[[ Data section, beginning ]]

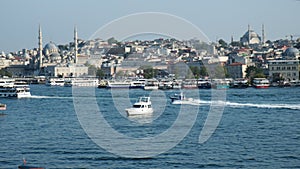 Turkish Police Boat is Going Fast at The Golden Horn and Eminonu Istanbul View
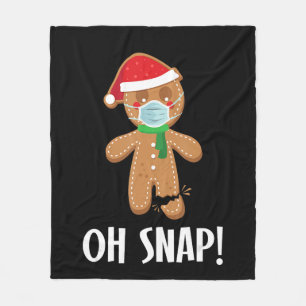 Oh snap christmas gingerbread man mask gift fleece blanket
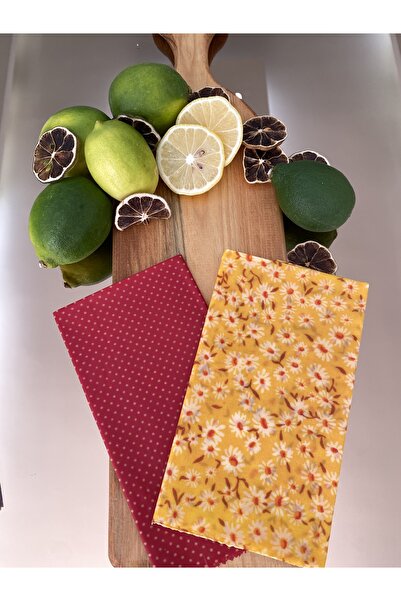 Home 2-Piece Mixed Pattern Fabric Reusable Natural Beeswax (Beeswax) Food Storage Cloth Large Size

[[ Data section, end ]]

■ Exercise prompt:
Transcribe the listing exactly, skipping pictures.

■ Expected answer:
 Turkish Police Boat is Going Fast at The Golden Horn and Eminonu Istanbul View
 Oh snap christmas gingerbread man mask gift fleece blanket
 Home 2-Piece Mixed Pattern Fabric Reusable Natural Beeswax (Beeswax) Food Storage Cloth Large Size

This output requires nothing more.